What is needed » Transcribe the entries below exactly, starting with the line that has "Luan violinë për" and stopping after the line that has "Volkswagen Golf IV Drzwi przednie"; no pictures belong in the copy.

Information provided »
+-------+
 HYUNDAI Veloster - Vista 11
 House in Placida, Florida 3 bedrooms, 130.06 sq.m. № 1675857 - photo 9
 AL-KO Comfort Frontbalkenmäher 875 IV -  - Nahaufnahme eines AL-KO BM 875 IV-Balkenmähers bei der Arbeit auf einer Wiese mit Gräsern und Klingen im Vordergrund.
+-------+
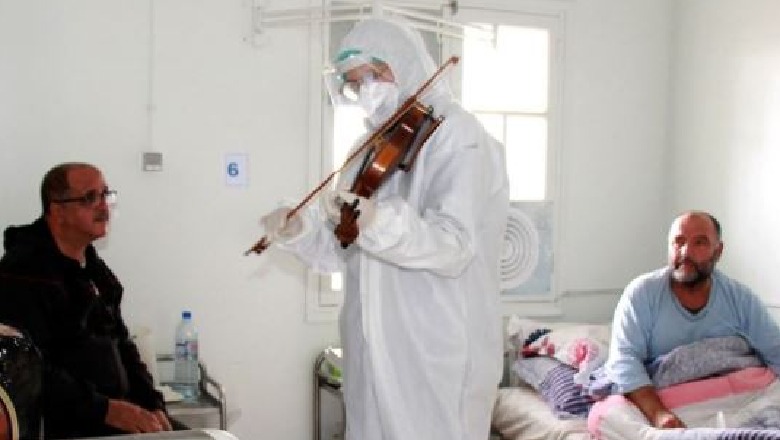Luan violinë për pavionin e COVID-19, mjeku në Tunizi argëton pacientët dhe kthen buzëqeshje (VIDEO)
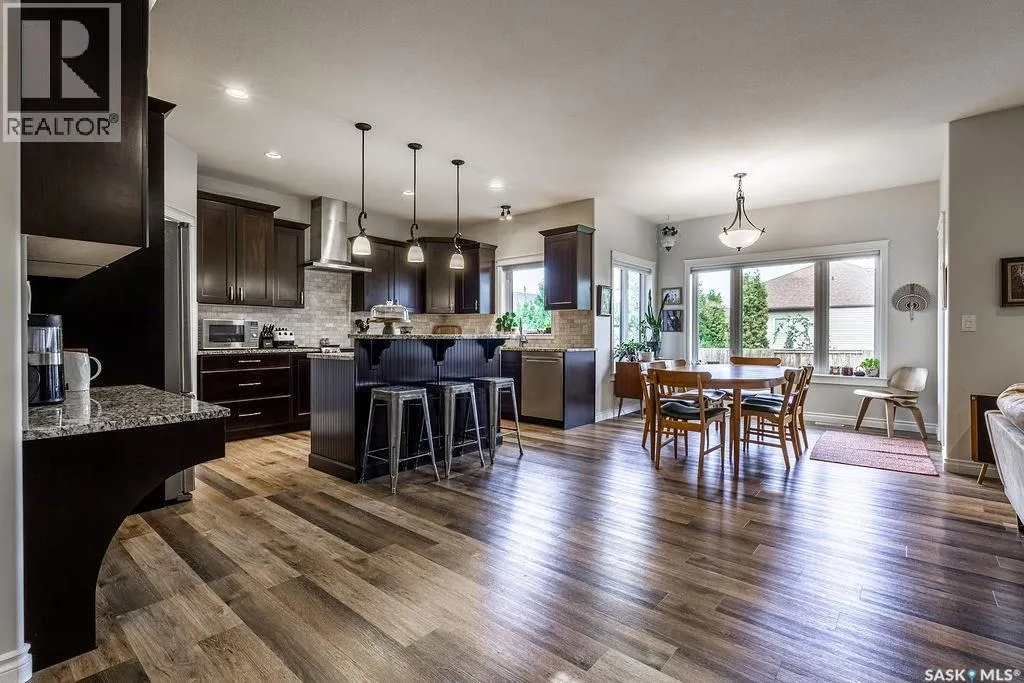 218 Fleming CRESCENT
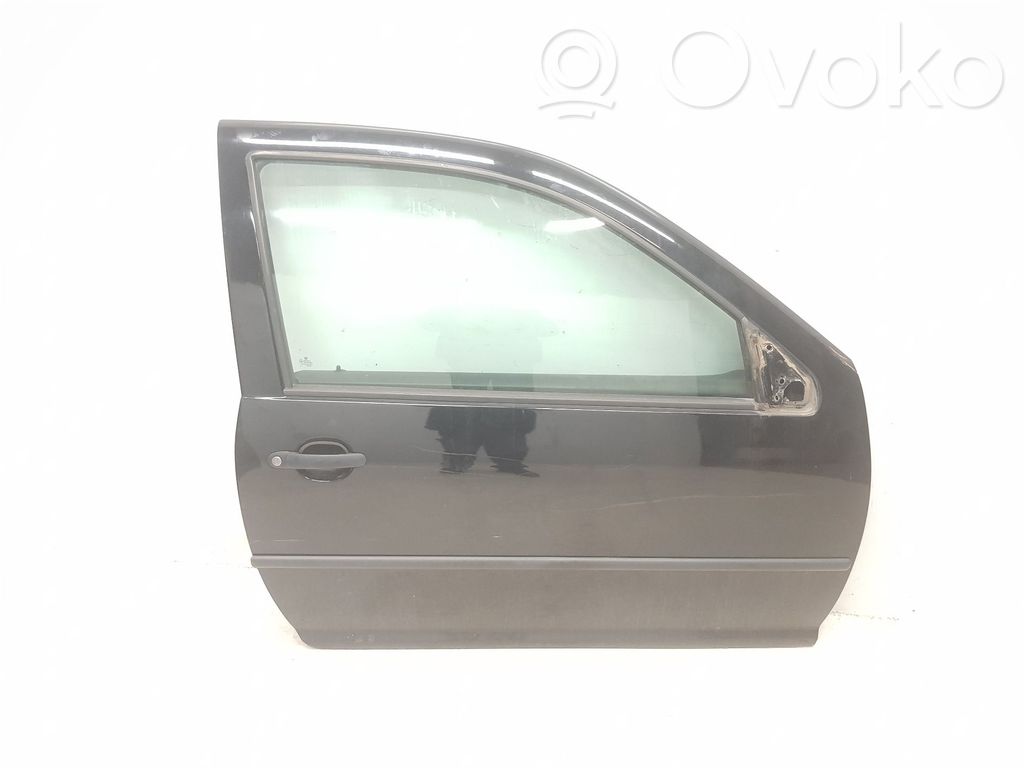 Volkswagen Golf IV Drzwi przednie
+-------+
Answer space »
Luan violinë për pavionin e COVID-19, mjeku në Tunizi argëton pacientët dhe kthen buzëqeshje (VIDEO)
 218 Fleming CRESCENT
 Volkswagen Golf IV Drzwi przednie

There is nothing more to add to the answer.